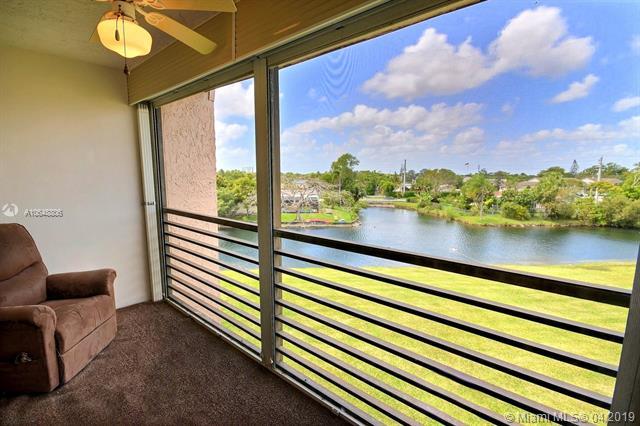 10466 Sunrise Lakes Blvd - Photo 1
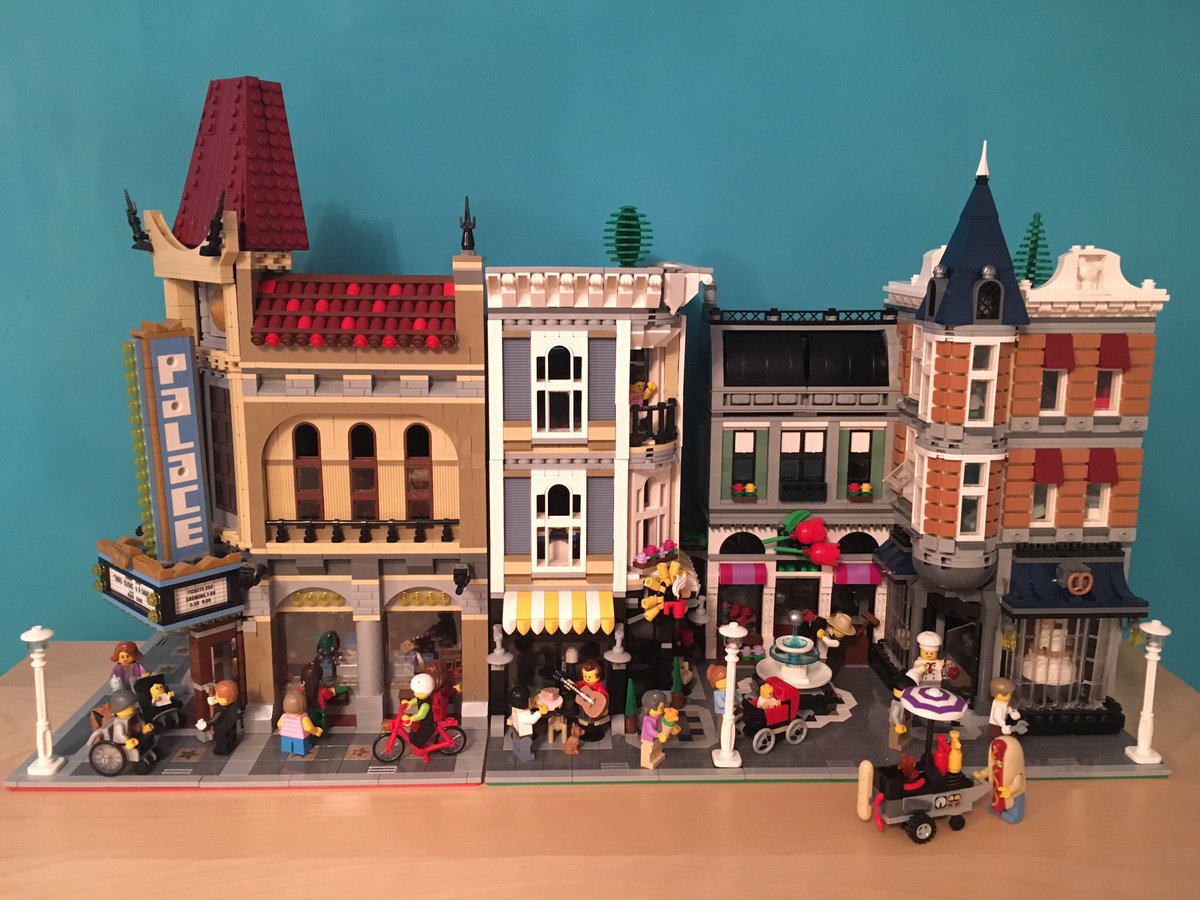 LauraHowley's tweet image. It's all happening down at #AssemblySquare tonight :)
#Lego #LegoModular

○ ○ ○ ○ ○

**WORK ITEM:** Starting with the line that contains "LauraHowley's tweet image.", copy every line word for word through the end of the listing above, but leave out the pictures.

**ANSWER FOR THIS EXERCISE:**
 LauraHowley's tweet image. It's all happening down at #AssemblySquare tonight :)
#Lego #LegoModular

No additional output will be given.